Esa clase de gente, que en Argentina suelen ser hijos de un transatlántico completo de putas, es la gente que triunfa en la política porque así lo demanda la propia política. Las reglas de juego originales fueron aprovechadas por aquellos que sabían cómo cumplirlas (o no siempre) al pie de la regla ignorando por completo cualquier carga valorativa que pudieran tener.
En vez de quejarnos de que tenemos "malos políticos" y que todo se resolvería si vinieran "buenos políticos", mejor tendríamos que darnos cuenta que estos son los únicos políticos que pueden triunfar en el sistema.
1 Comentarios:
Cierto, pero creo yo que criticar a la Democracia cuando no logra proveer el bien común es no entender cual es el fin último de la misma. Todos los vicios y males salidos de esta son emanados de la misma masa votante y son su responsabilidad. Quiero decir, la Democracia no se plantea ser proveedora, si no, ser justa incluso si serlo sea condenar a la gente.

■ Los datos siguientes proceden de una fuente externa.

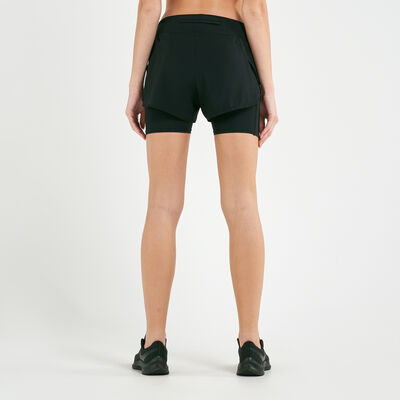 Nike Women's Eclipse 2-in-1 Running Shorts Black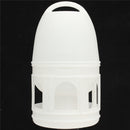 3L White Plastic Drinker Pigeons Birds Accessories Feed Suppliers Automatic Waterer w/ Handle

La profesionalizacion de la politica es un mal surgido de la degeneración de la Democracia Republicana, cuando abandona el proposito con el que fue bautizada: hacer de su fin la protección del individuo. Ahi nace la demoagogia.
Que la democracia creo una oligarquia? Tenés razón. Quizá confiar que un sistema tan facilmente colectivizable podría mantenerse fiel al cuidado del individuo fuese un poco ingenuo. O quizá veamos como la situación toca fondo y el mundo decide, de a poco, volver al sistema que le dio años tan prósperos. Ojalá que suceda lo segundo.
Saludos, Mayor. Es siempre un placer leerlo.